**What you will do:**
Print out the entries from the line containing "Beacon/Hampshire Commute, 2024-05-23" through the last line, exactly, and print nothing else. Pictures are not copied.
----- Data to process -----
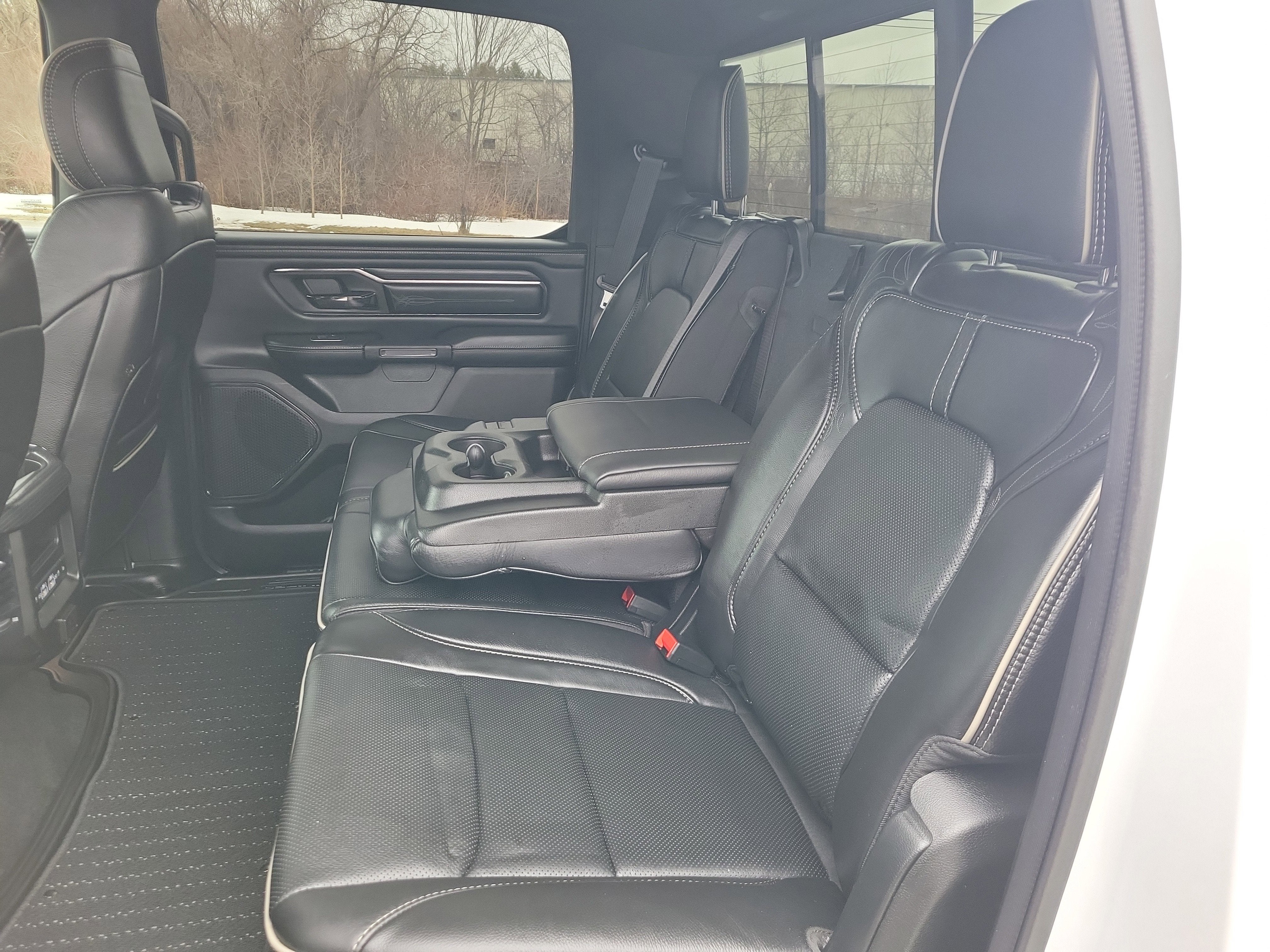 2023 RAM 1500 Limited Crew Cab 4x4 5'7" Box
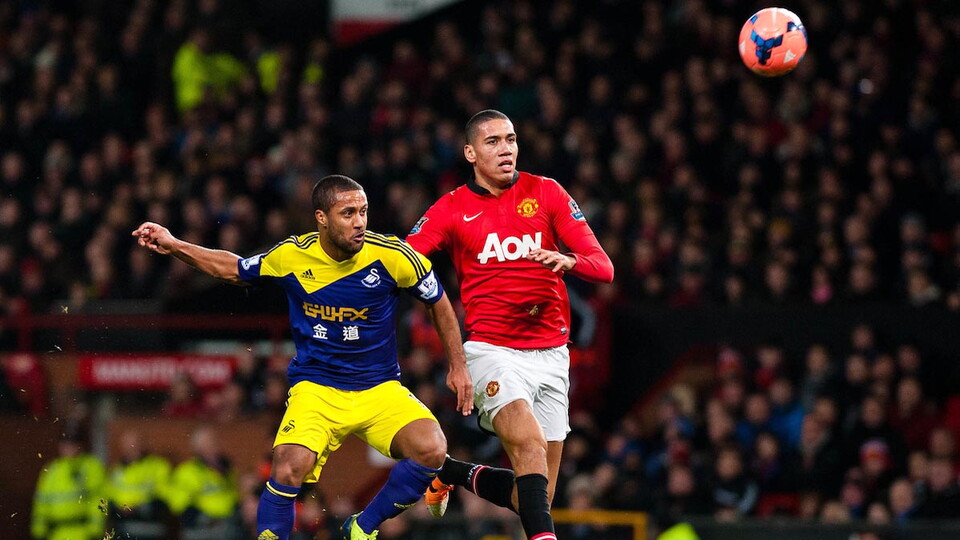 Wayne v Man U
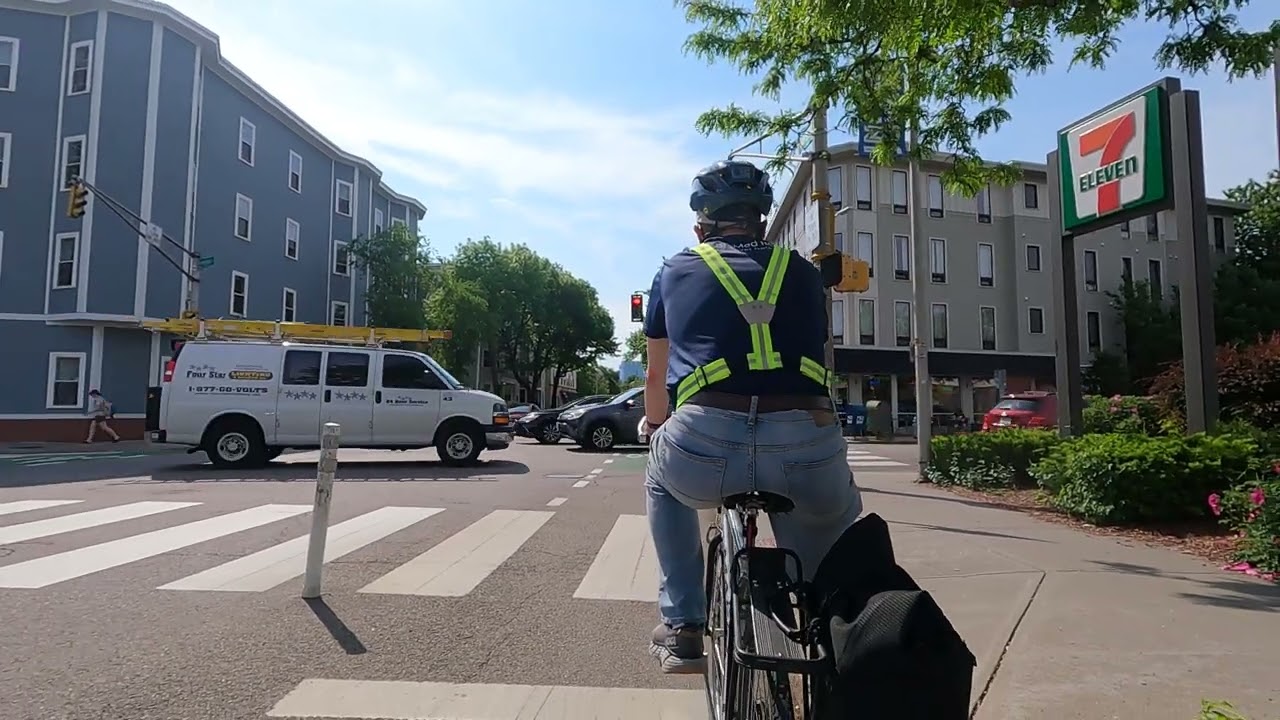 Beacon/Hampshire Commute, 2024-05-23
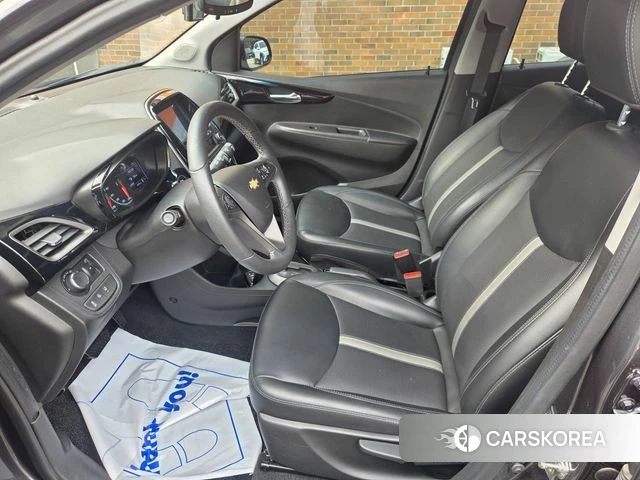 Chevrolet (GM Daewoo) The New Spark 2020 Серый из Кореи, фото 2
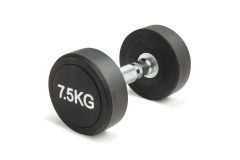 Гантель неразборная круглая 7,5 кг. VictoryFit VF-R075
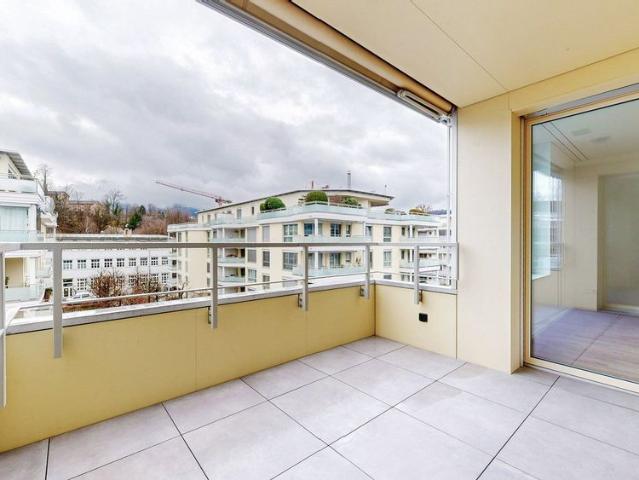 1.5 Zimmer, 40 m², 4. Stock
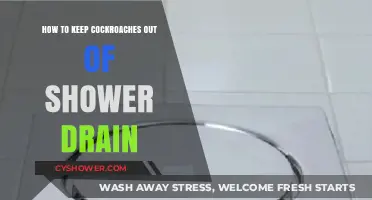 Prevent Cockroaches in Shower Drains: Effective Tips for a Pest-Free Bathroom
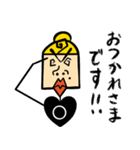 エリザベス ストーリー（個別スタンプ：3）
-----
**Solution:**
 Beacon/Hampshire Commute, 2024-05-23
 Chevrolet (GM Daewoo) The New Spark 2020 Серый из Кореи, фото 2
 Гантель неразборная круглая 7,5 кг. VictoryFit VF-R075
 1.5 Zimmer, 40 m², 4. Stock
 Prevent Cockroaches in Shower Drains: Effective Tips for a Pest-Free Bathroom
 エリザベス ストーリー（個別スタンプ：3）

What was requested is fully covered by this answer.